Samit Sarkar (he/him) is Polygon’s deputy managing editor. He has more than 15 years of experience covering video games, movies, television, and technology.

Canabalt creator Adam Saltsman's new project is a studio called Finji, which is designed to "make new games and create new opportunities," he announced today.

Saltsman is the director of Finji, while his wife, Rebekah, is a producer who contributes to internal game design at the studio. The two of them originally founded the company in 2006, according to its about page, but remade it in 2014.

"For almost 10 years we have been saving and scraping and learning and trying new things (and gotten some insanely lucky opportunities along the way) and having a few spectacular failures (and lots of little ones), all with the ultimate goal of getting to do exactly this: collaborate with who we want, when we want, on the games we love," they said today.
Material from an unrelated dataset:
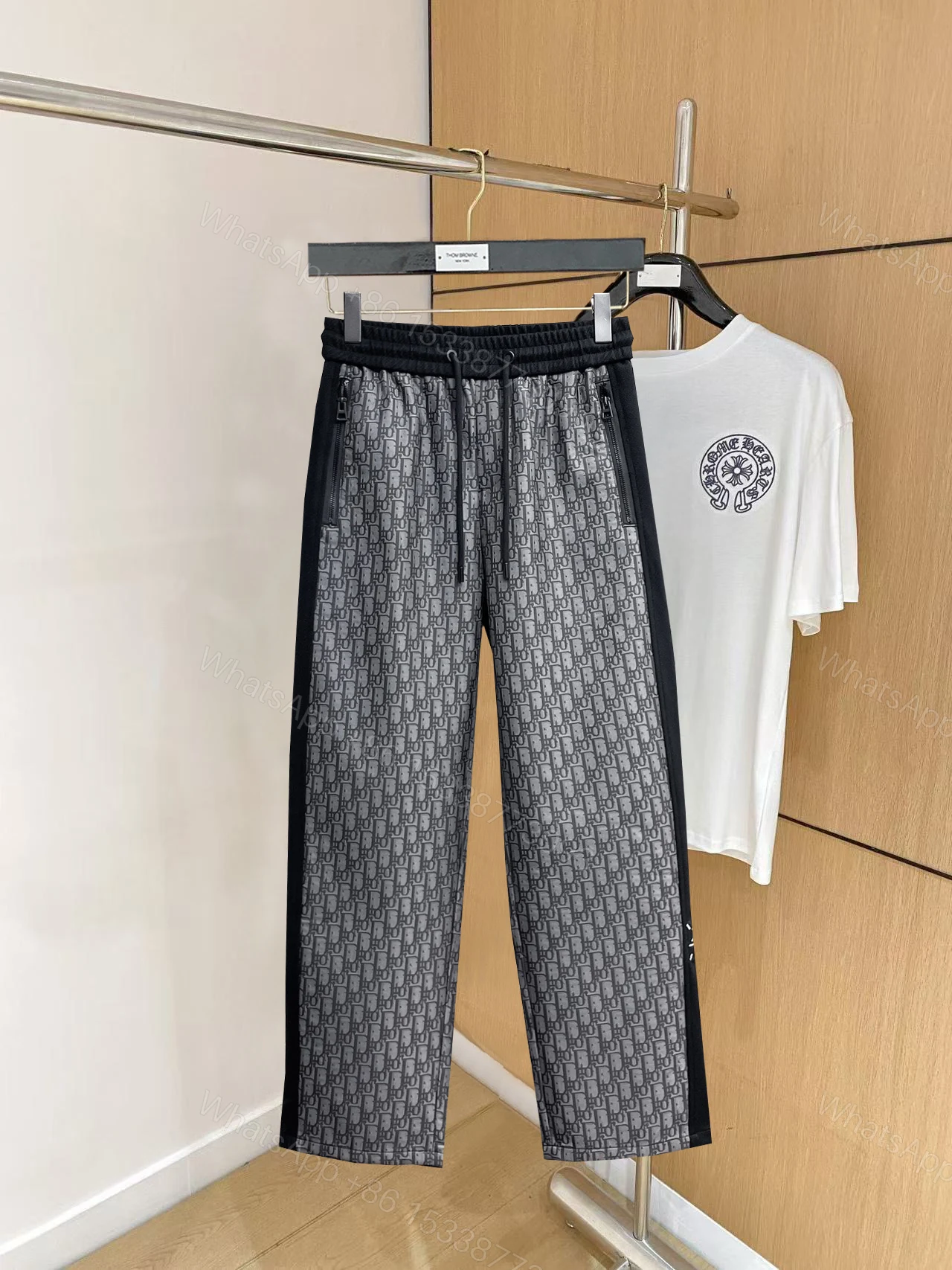 高仿 Dior Oblique滿版提花休閒長褲寬鬆直筒運動褲 — view 1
Finji will develop its own games and help bring others to market. The Austin, Texas-based studio's initial portfolio consists of four titles. First up is Portico (image above), which Adam Saltsman is making with Aquaria co-creator Alec Holowka; the pair announced the game last summer under the tentative title Grave. It's a 2D turn-based game in which players lay traps to protect secret gates within ruins, and Saltsman and Holowka provide weekly updates about its development on the title's Tumblr.

Night in the Woods, the adventure game that Holowka and Scott Benson funded on Kickstarter last fall for more than $200,000, will be distributed by Finji. The studio is currently selling Capsule, the claustrophobic survival game from Adam Saltsman and Robin Arnott, and Finji's newest game is Overland, for which the company is collaborating with Shay Pierce of Deep Plaid Games.

"We are extremely fortunate to have the opportunity to do this, and this is one of the reasons we're hoping to extend some of the chances we've had to other folks," said the Saltsmans. "We do not have any outside investment and currently do not have any plans to crowdsource. What this means for us is we make what we want, how we want it."